I would have thought a triangular grid works better than a grid of squares. You get ~3n links vs ~2n for the square grid. Curious what the AI came up with.
Which model did this? Is it available to the public?
As this becomes more common it makes me wonder where the LLM ends and the harness begins.
The underlying model may still effectively be a stochastic parrot, but used properly that can do impressive things and the various harnesses have been getting better and better at automating the use of said parrot.
"The proof came from a general-purpose reasoning model, not a system built specifically to solve math problems or this problem in particular, and represents an important milestone for the math and AI communities."
How central is it in the discrete geometry? Could anyone with the knowledge in the field reply?
> AI is about to start taking a very serious role in the creative parts of research, and most importantly AI research itself. While this progress is not unexpected, it reinforces the urgency we feel about understanding this next phase of AI development, the challenges of aligning very intelligent systems, and the future of human-AI collaboration.
I find this hyperbolic, but ya gotta juice up the upcoming IPO. I hate that they took an interesting announcement and reminded me why I hate tech and our society at the end.
I wonder how much this cost vs a Math Professor or a team of Math Professors.
Can someone explain to me what is their "prompting-scaffolding" to make it work ?
can the AI please tell us what to do now that all knowledge work will become unemployment?
Every time I interact even with OpenAI's pro model, I am forced to come to the conclusion that anything outside the domain of specific technical problems is almost completely hopeless outside of a simple enhanced search and summary engine.
For example, these machines, if scaling intellect so fiercely that they are solving bespoke mathematics problems, should be able to generate mundane insights or unique conjectures far below the level of intellect required for highly advanced mathematics - and they simply do not.
Ask a model to give you the rundown and theory on a specific pharmacological substance, for example. It will cite the textbook and meta-analyses it pulls, but be completely incapable of any bespoke thinking on the topic. A random person pursuing a bachelor's in chemistry can do this.
Anything at all outside of the absolute facts, even the faintest conjecture, feels completely outside of their reach.
Is this something that can be made explainable to someone without any of the relevant background, or is this one of those things where all that background is needed to understand it? Because I have no idea what's going on here, but would like to.
The back and forth in this discussion reveals to me we are sorting through a kind of philosophical debate about intelligence. That alone tells me LLMs are doing something novel.
Important note: this was not done with a special mathematics harness or specialized workflow.
I wonder if it has anything to do with the fact that AI is a grid of grid-calculating grids. It seems like it would be especially well suited to finding solutions about grids. That is until you consider the fact that even 1 trillion billion grids is still not anywhere close to an infinite grid.
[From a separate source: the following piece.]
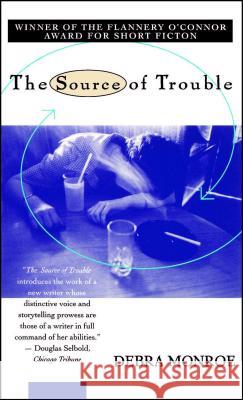 Source of Trouble Debra Monroe 9780671897161 Touchstone Books - książka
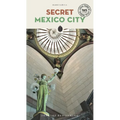 Secret Mexico City - Paperback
So, probably slop.
Absolutely no proof that any LLM actually found the result, and just a mention of an "internal model". Served to you by one of the biggest liars in the world.
Why would anyone believe this to be true even for a split second?
To the “LLMs just interpolate their training data” crowd:
Ayer, and in a different way early Wittgenstein, held that mathematical truths don’t report new facts about the world. Proofs unfold what is already implicit in axioms, definitions, symbols, and rules.
I think that idea is deeply fascinating, AND have no problem that we still credit mathematicians with discoveries.
So either “recombining existing material” isn’t disqualifying, or a lot of Fields Medals need to be returned.